While on the road, there is always the possibility of a health emergency. “Depending on the location, it may be quicker for you to drive on to the hospital instead of calling the police or rescue squad. It depends on the emergency, the location and your first aid skills. Know your limitations,” Burke says.
Children can also play a vital role in travel safety and while they are helping, they’re also learning and entertaining themselves.
“While you’re driving and familiarizing yourself with a travel route, ask children to observe things around them,” Burke suggests. “What’s the location? What is the last street sign they noticed? Did they notice a hospital sign?”
He also advises letting children gently know that being loud can be a distraction. “Plan activities for them in the car and plan on making frequent stops,” he says.
While international travelers should adhere to many of the same guidelines, they also may be more at risk than those traveling domestically.
“Pick-pocketing and purse-snatching happens more commonly out of the country. Reasons international travelers are often targeted include language barriers, the culture and bad guys know that you tend to carry more money. They also know the likelihood of you coming back to testify is rare,” Burke says. “Don’t keep your wallet in your back pocket. If you do, keep a small amount of money. If you are in a street robbery, they are going to want something, and it is better for your safety if you have something to offer them.”
Travelers have heard it said, “Don’t look like a tourist.” Burke says when robbers see someone with a map and a camera, it makes the traveler much more susceptible to crime. It’s okay to ask questions, he says, but also know that questions make people more aware that you are a tourist.

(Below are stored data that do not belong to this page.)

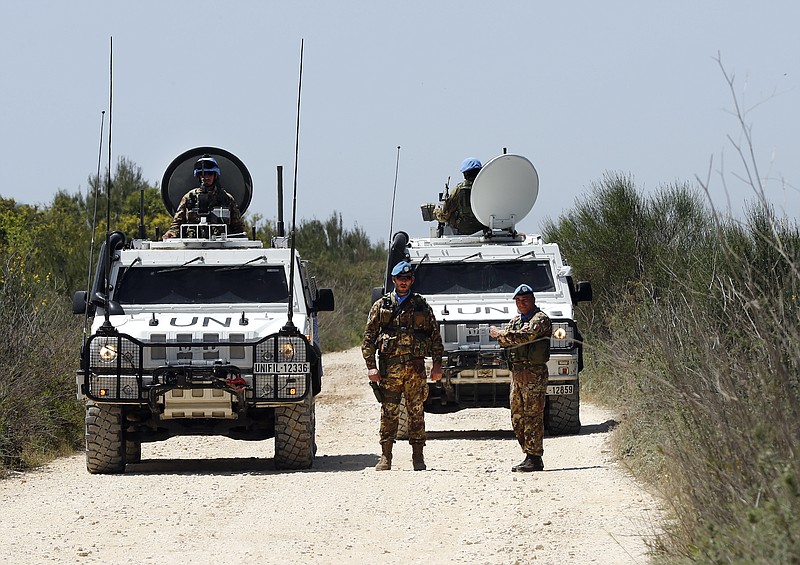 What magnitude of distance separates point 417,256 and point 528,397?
13.2ft

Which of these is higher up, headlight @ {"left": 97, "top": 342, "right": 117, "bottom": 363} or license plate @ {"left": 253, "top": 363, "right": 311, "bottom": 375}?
headlight @ {"left": 97, "top": 342, "right": 117, "bottom": 363}

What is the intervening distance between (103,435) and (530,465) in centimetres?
357

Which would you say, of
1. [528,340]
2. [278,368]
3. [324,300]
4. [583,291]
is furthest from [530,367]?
[583,291]

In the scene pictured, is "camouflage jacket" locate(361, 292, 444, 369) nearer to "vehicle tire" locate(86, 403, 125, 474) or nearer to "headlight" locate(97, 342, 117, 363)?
"headlight" locate(97, 342, 117, 363)

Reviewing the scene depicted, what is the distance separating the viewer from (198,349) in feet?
37.0

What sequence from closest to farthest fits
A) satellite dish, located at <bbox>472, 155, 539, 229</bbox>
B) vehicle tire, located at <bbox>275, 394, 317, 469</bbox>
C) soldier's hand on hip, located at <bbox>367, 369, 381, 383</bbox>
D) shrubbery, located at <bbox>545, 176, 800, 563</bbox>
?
shrubbery, located at <bbox>545, 176, 800, 563</bbox>
soldier's hand on hip, located at <bbox>367, 369, 381, 383</bbox>
vehicle tire, located at <bbox>275, 394, 317, 469</bbox>
satellite dish, located at <bbox>472, 155, 539, 229</bbox>

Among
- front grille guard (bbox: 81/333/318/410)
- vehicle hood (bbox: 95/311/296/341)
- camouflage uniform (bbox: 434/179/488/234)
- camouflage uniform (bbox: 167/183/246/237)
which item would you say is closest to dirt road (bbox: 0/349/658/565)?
front grille guard (bbox: 81/333/318/410)

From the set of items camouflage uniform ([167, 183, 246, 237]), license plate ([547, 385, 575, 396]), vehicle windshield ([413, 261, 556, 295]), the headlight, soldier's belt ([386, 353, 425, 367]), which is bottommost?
license plate ([547, 385, 575, 396])

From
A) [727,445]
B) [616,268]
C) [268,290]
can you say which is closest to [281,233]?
[268,290]

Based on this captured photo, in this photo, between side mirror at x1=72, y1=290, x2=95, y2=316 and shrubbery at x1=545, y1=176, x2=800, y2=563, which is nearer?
shrubbery at x1=545, y1=176, x2=800, y2=563

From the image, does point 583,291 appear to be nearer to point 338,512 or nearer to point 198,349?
point 198,349

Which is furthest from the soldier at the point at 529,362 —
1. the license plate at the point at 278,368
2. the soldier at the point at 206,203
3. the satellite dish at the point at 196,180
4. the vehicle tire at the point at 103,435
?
the satellite dish at the point at 196,180

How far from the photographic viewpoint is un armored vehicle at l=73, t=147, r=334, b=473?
36.5 ft

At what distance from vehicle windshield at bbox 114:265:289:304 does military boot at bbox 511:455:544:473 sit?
8.98ft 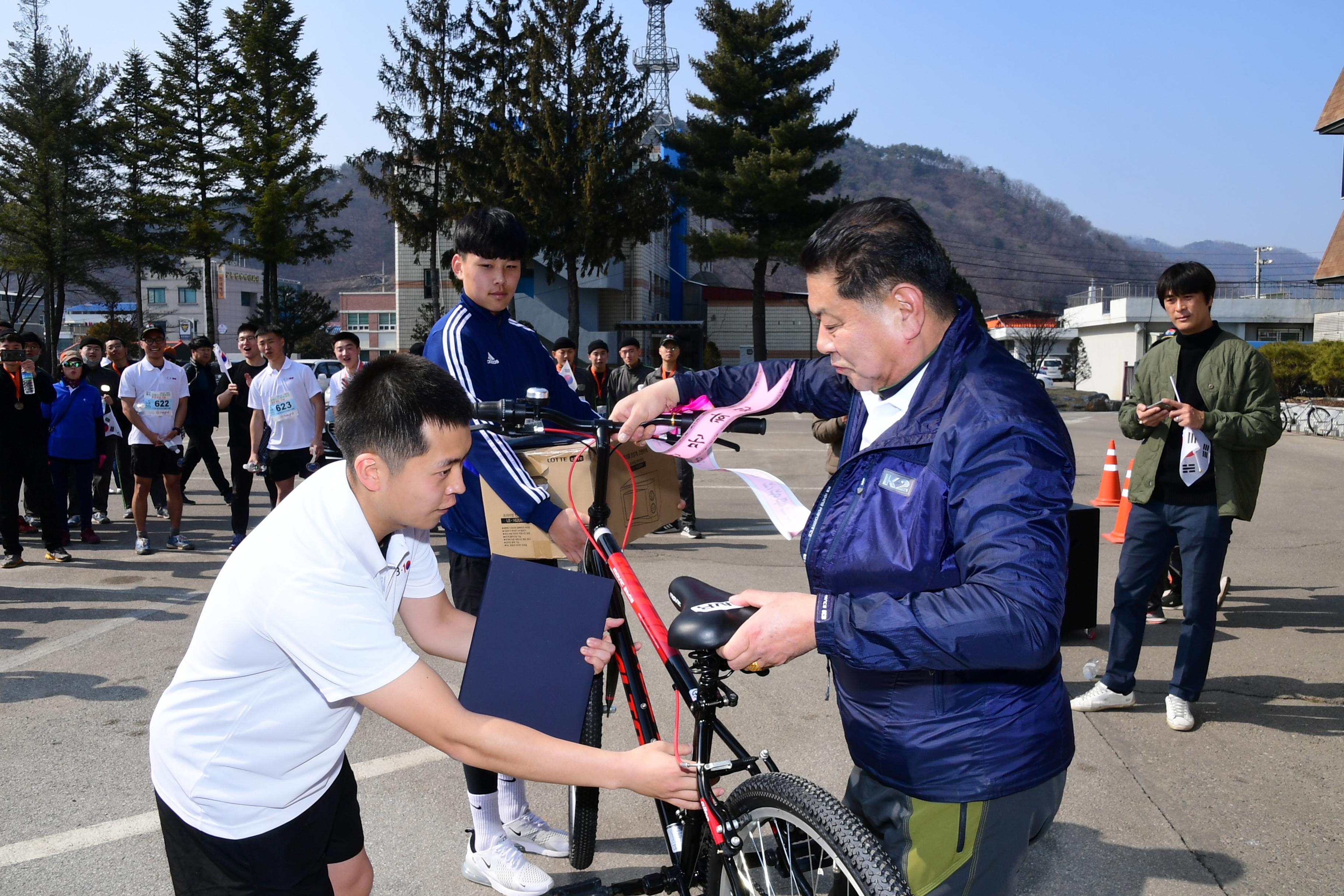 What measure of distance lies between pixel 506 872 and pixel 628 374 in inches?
330

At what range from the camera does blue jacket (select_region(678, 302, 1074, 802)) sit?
4.99 feet

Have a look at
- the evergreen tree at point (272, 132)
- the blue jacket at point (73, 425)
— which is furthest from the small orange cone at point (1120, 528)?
the evergreen tree at point (272, 132)

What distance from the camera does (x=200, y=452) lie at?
34.0ft

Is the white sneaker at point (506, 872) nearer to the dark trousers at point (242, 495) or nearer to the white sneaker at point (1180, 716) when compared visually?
the white sneaker at point (1180, 716)

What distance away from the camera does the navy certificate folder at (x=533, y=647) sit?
6.82ft

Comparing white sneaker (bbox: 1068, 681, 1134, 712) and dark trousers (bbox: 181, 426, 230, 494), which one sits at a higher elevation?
dark trousers (bbox: 181, 426, 230, 494)

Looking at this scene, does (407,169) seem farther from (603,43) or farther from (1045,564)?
(1045,564)

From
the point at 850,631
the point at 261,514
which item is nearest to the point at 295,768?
the point at 850,631

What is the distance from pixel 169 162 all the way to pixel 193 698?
46644 millimetres

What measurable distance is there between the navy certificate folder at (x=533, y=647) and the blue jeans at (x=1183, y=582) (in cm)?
349

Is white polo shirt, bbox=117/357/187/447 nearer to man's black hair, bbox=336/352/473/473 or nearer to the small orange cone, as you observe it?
man's black hair, bbox=336/352/473/473

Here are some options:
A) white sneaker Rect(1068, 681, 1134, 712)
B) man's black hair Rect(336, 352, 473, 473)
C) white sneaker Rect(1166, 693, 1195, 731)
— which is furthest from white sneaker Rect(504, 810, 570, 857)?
white sneaker Rect(1166, 693, 1195, 731)

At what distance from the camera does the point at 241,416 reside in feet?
37.2

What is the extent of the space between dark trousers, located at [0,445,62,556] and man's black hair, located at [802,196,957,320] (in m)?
8.62
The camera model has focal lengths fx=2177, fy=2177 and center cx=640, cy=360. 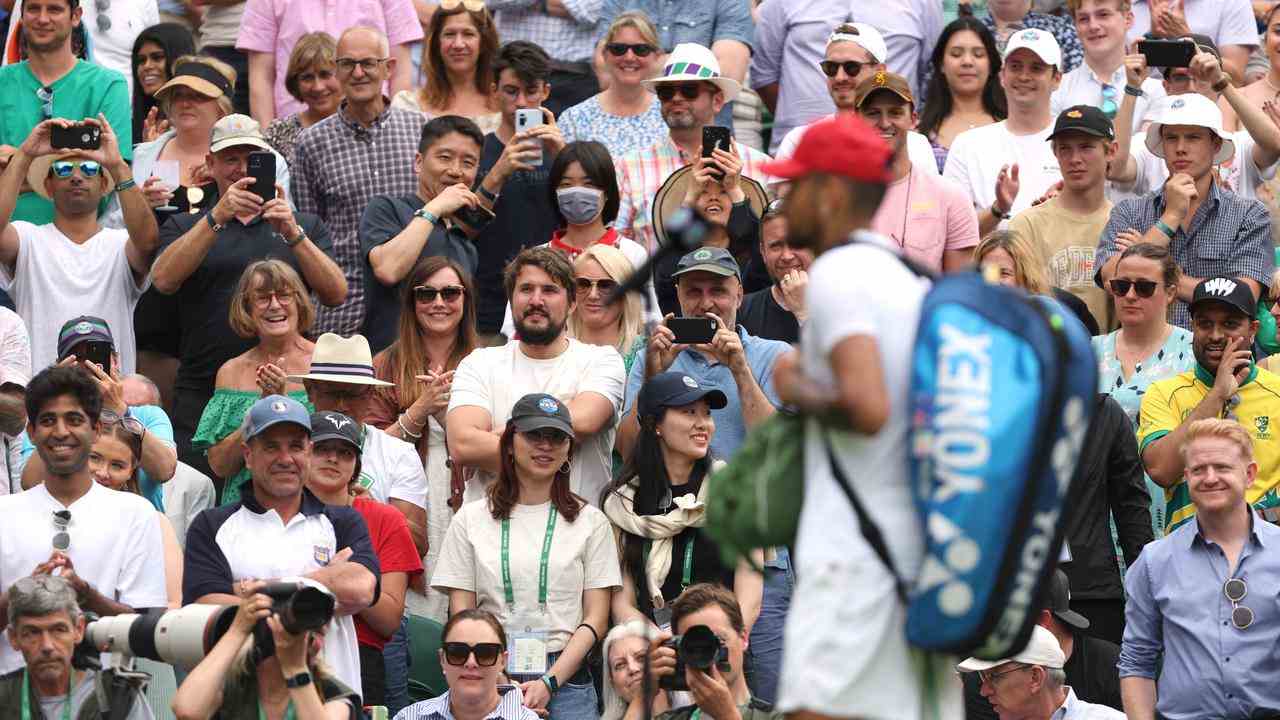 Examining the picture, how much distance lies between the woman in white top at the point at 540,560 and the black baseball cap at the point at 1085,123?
3882 mm

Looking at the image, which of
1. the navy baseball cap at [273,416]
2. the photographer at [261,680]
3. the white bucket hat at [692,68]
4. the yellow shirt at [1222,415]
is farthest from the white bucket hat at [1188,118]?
the photographer at [261,680]

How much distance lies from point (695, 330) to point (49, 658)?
3390 millimetres

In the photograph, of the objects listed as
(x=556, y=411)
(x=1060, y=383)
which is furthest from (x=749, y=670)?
(x=1060, y=383)

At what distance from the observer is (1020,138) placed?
43.8ft

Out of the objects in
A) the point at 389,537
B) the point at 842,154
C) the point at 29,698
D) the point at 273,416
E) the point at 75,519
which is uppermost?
the point at 842,154

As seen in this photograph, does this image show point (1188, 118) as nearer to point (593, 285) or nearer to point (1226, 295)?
point (1226, 295)

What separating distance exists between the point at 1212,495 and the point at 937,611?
449cm

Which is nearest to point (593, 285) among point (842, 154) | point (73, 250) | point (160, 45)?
point (73, 250)

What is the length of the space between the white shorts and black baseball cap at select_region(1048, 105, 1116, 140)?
23.7 feet

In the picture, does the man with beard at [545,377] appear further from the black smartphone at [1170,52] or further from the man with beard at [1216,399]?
the black smartphone at [1170,52]

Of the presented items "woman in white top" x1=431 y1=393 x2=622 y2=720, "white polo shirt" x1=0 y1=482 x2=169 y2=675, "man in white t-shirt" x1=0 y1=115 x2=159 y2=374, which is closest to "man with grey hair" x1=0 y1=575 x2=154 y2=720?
"white polo shirt" x1=0 y1=482 x2=169 y2=675

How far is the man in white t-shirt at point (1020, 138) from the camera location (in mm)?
13188

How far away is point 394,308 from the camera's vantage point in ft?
40.0

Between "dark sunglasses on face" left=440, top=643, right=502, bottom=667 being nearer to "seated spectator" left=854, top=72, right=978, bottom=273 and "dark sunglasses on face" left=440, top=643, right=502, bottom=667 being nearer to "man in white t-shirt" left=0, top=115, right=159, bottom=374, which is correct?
"man in white t-shirt" left=0, top=115, right=159, bottom=374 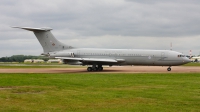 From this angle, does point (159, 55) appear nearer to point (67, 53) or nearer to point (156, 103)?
point (67, 53)

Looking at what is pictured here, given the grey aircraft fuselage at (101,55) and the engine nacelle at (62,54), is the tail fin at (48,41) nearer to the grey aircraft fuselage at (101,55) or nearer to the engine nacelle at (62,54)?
the grey aircraft fuselage at (101,55)

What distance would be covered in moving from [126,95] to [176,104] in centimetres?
298

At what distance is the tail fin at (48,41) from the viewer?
4316 cm

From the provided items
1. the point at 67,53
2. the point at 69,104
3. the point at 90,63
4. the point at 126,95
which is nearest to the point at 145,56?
the point at 90,63

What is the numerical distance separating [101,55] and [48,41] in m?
7.57

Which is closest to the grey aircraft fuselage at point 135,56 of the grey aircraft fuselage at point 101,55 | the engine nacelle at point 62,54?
the grey aircraft fuselage at point 101,55

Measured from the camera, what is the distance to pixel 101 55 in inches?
1705

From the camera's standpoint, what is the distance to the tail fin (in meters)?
43.2

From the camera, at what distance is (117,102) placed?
12438 millimetres

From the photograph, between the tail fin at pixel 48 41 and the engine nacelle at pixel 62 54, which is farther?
the tail fin at pixel 48 41

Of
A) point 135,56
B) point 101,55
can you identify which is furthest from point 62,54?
point 135,56

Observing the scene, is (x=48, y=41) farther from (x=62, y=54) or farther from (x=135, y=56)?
(x=135, y=56)

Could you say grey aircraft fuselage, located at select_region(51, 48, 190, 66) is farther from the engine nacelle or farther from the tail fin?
the tail fin

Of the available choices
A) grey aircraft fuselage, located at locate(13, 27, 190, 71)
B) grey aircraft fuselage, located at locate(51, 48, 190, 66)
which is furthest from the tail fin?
grey aircraft fuselage, located at locate(51, 48, 190, 66) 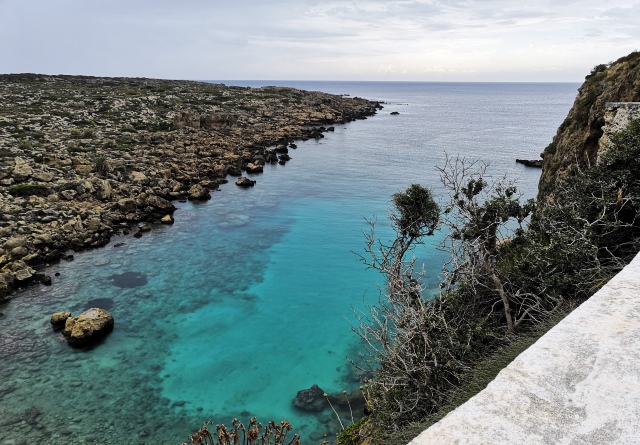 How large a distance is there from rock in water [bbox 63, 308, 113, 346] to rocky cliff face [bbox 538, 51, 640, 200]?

Employing common sense tactics can be invaluable when traveling abroad. Don’t carry a lot of jewelry, keep track of passports, and back up or copy all important documents. And again, avoid posting travel information on social networking sites. “Knowing what hotel travelers are staying in and knowing their home is vacant is also a burglar’s dream. There have been a lot of thefts because too much information was posted online. Even avoid posting that you have siblings. Someone could use that information,” Burke says, adding that this could lead to con artists using the information to scam money from family members.
Burke insists, however, the risks should not deter individuals from their holiday travel plans.
“It’s the process, not the destination, that may make the trip fun,” Burke says. “With a little planning and appropriate precautions, travelers can enjoy the ride as well as the destination.”
• Learn more about the neighborhoods you will be driving through.
• Prepare for a health emergency that could happen while on the road.
• Ask children to observe things around them.
• Let children gently know that being loud can be a distraction.
• Don’t wear a lot of jewelry or carry expensive cameras.
• Keep track of passports, and back up or copy all important documents.
• Avoid posting travel information on social networking sites.